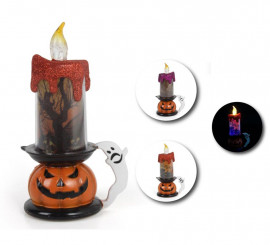 Vela Halloween con base Calabaza en modelos surtidos con luz de 9,5x16,5 cm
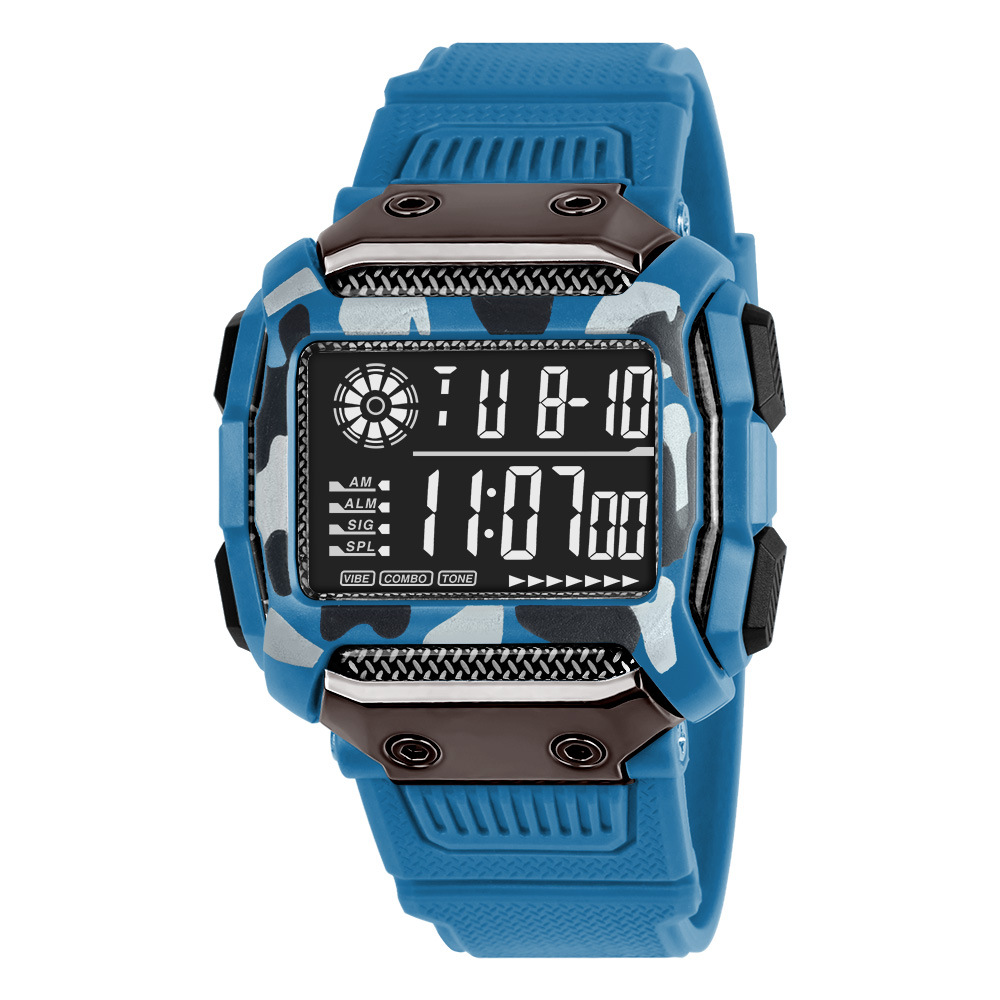 Reloj electrónico de deportes al aire libre de estudiantes de escuela secundaria de tendencia reloj electrónico de alarma de luz nocturna multifuncional al por mayor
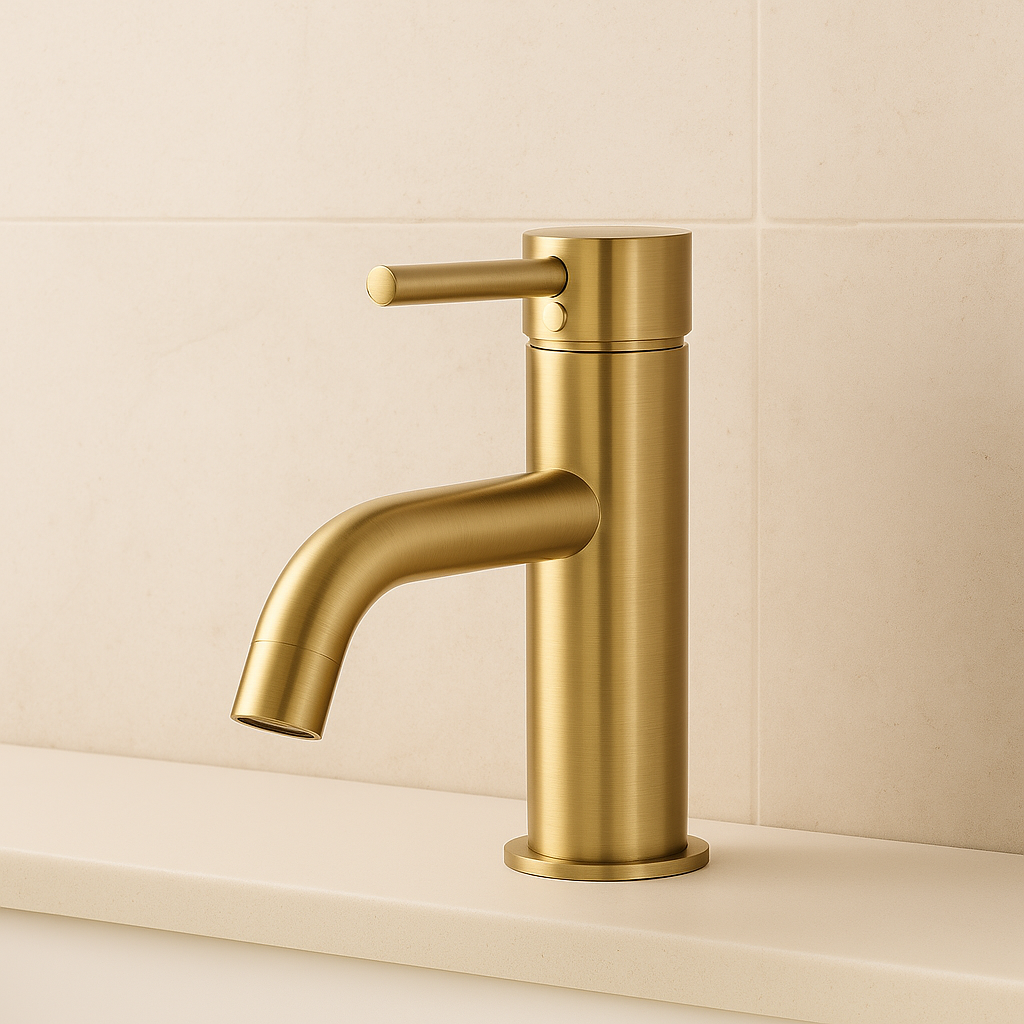 Marbella Brushed Gold Round Basin Mixer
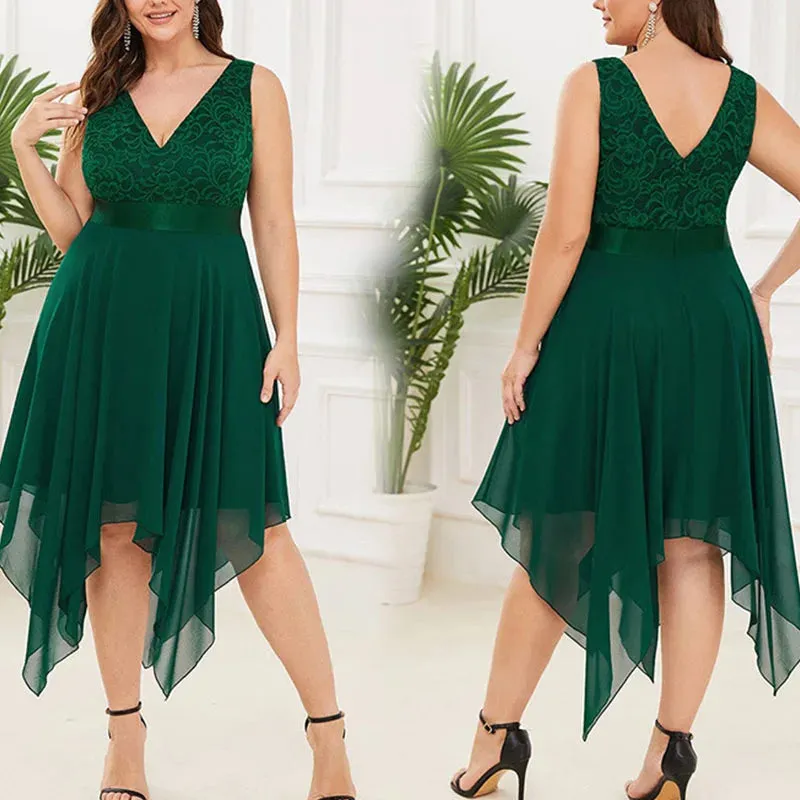Elegant Plus Size Lace Chiffon High Waist Dress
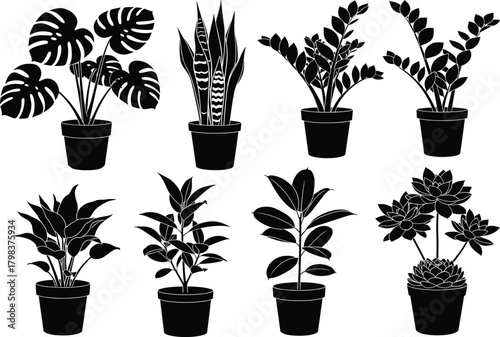 Black silhouette collection of indoor potted houseplants vector illustration showing tropical leaves, succulents, and decorative foliage plants for modern home decor design.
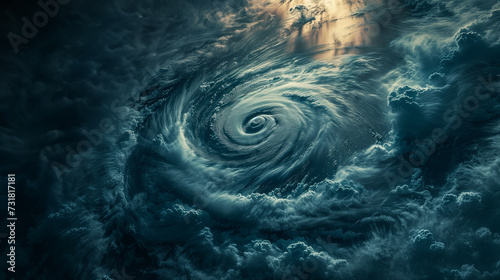 Dramatic aerial view of a large oceanic cyclone with swirling clouds and sunlight piercing through, perfect for natural disaster concepts and environmental backgrounds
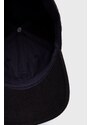 Bavlněná čepice Emporio Armani tmavomodrá barva, s aplikací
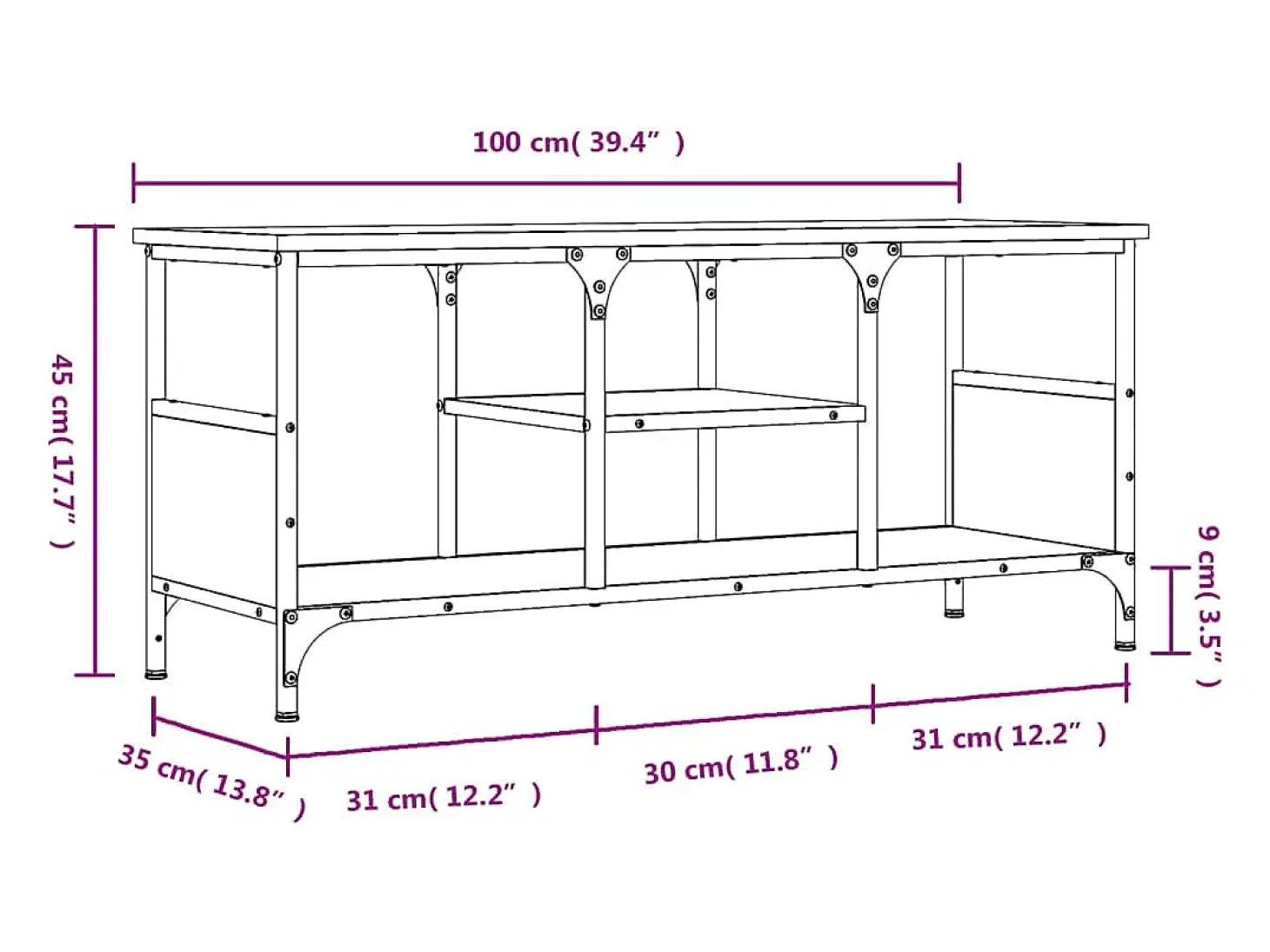 Numa Mueble TV erro madera contrachapada roble Sonoma 100x35x45 cm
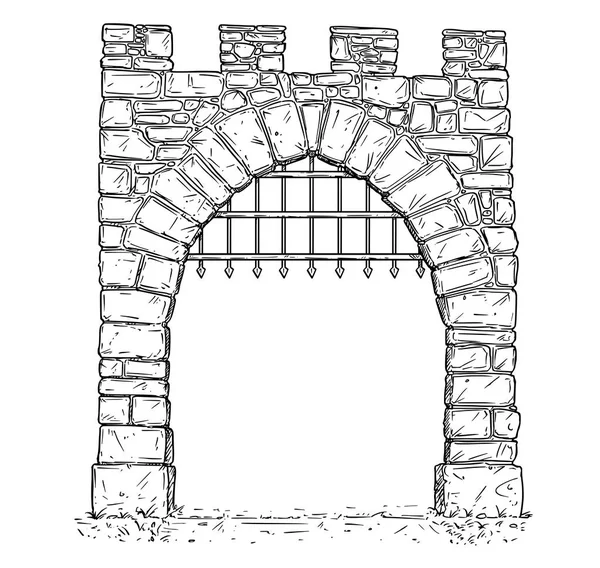 Cartoon Vector of Open Stone Medieval Decision Gate with Iron Bars — Stock Vector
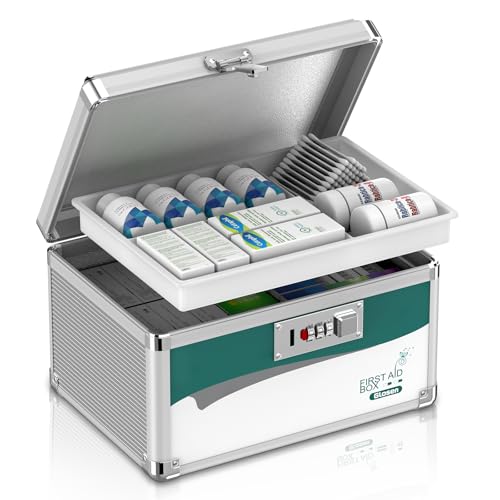 Glosen Medicine Lock Box with Code, 2-Layer Aluminum Alloy Medicine Organizer Box with Removable Tray, Portable Medication Lock Box with Shoulder Strap for Home Safety, Travel & Office (10x6.7x6.7In) - size: Small-10in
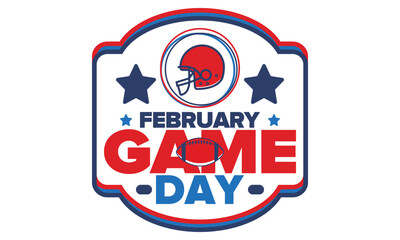 Game Day. American football playoff. Super Party in United States. Final game of regular season. Professional team championship. Ball for american football. Sport poster. Vector illustration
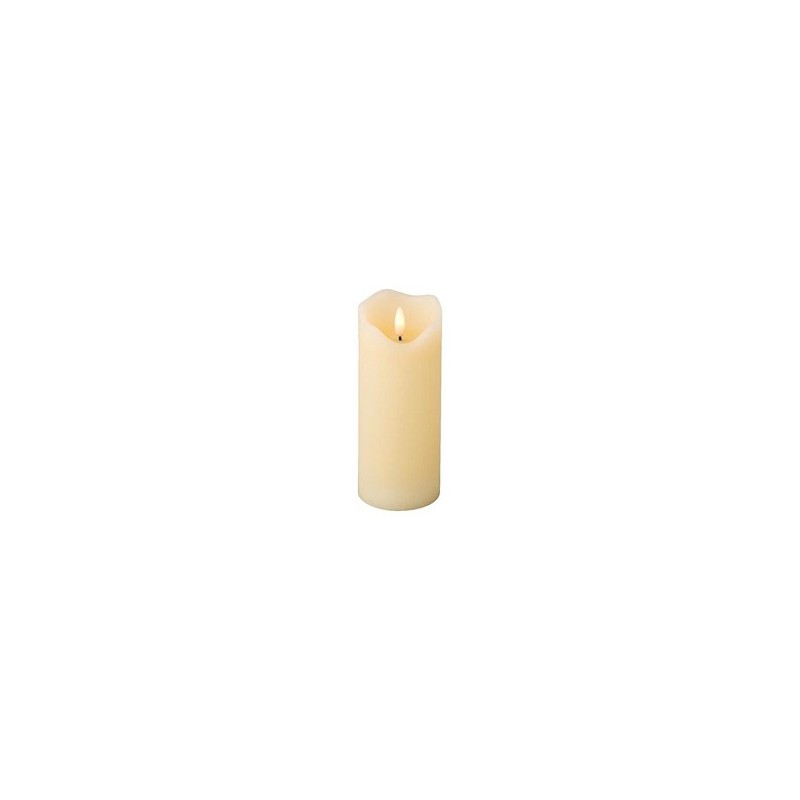 Bougie cire LED Lumineo - à flamme vacillante - (flamme 3D) crème dia7x13cm sur pile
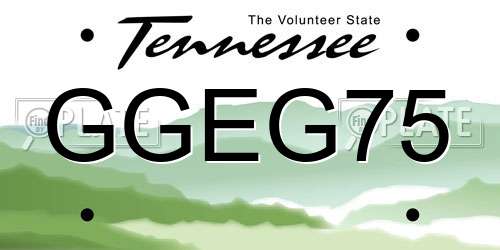 GGEG75 Tennessee License Plate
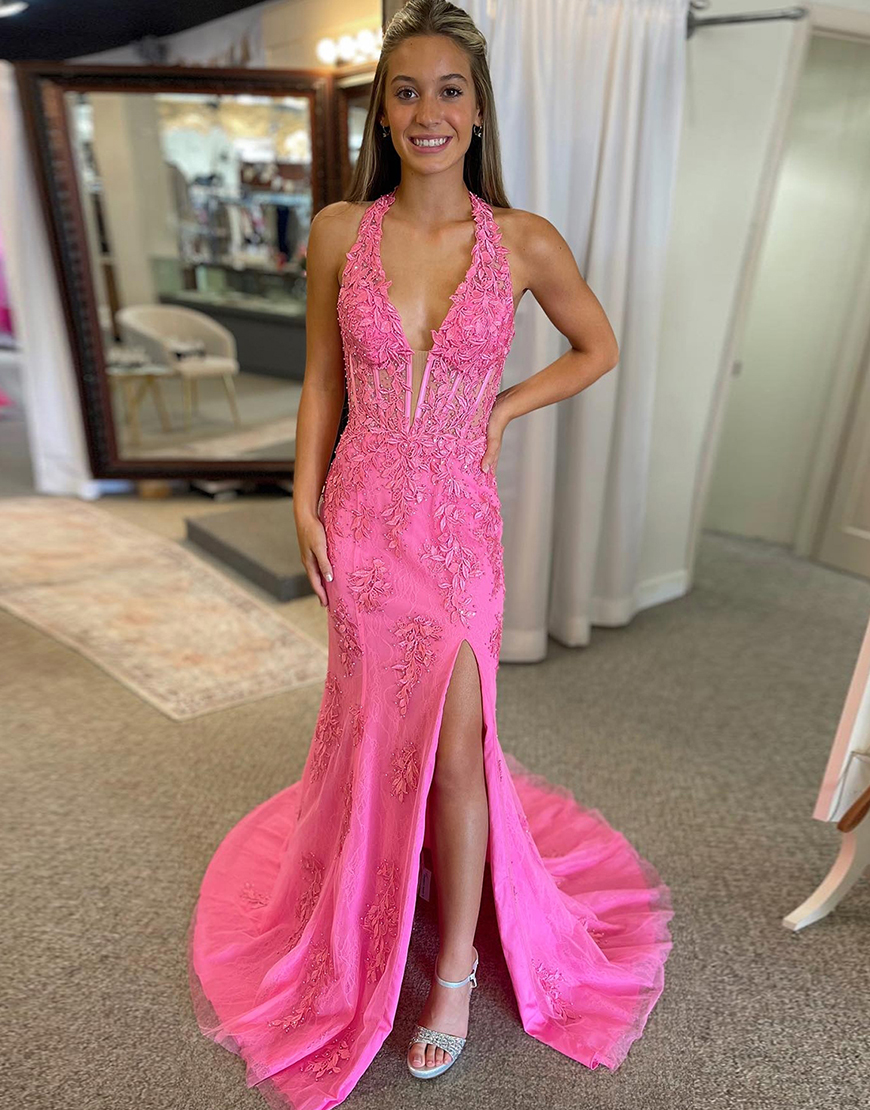 Red Mermaid Deep V-Neck Long Lace Prom Dress With Split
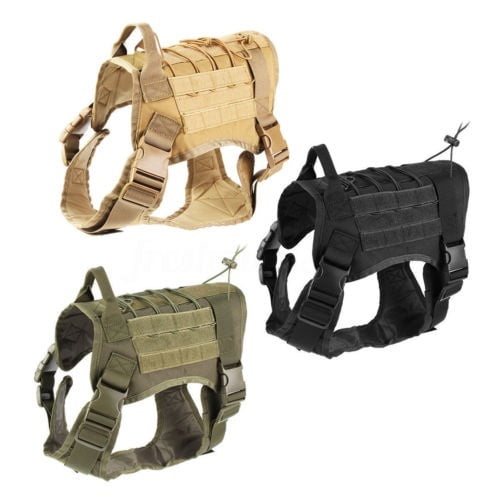 New Police K9 Tactical Training Dog Harness Military Adjustable Molle Nylon Vest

▬▬▬▬▬▬▬▬▬▬

▶ **Task instructions**
Transcribe the opening line of the listing above, please, and every line after it through the line with "Black silhouette collection", word for word, without pictures.

▶ **Exercise response**
 Vela Halloween con base Calabaza en modelos surtidos con luz de 9,5x16,5 cm
 Reloj electrónico de deportes al aire libre de estudiantes de escuela secundaria de tendencia reloj electrónico de alarma de luz nocturna multifuncional al por mayor
 Marbella Brushed Gold Round Basin Mixer
Elegant Plus Size Lace Chiffon High Waist Dress
 Black silhouette collection of indoor potted houseplants vector illustration showing tropical leaves, succulents, and decorative foliage plants for modern home decor design.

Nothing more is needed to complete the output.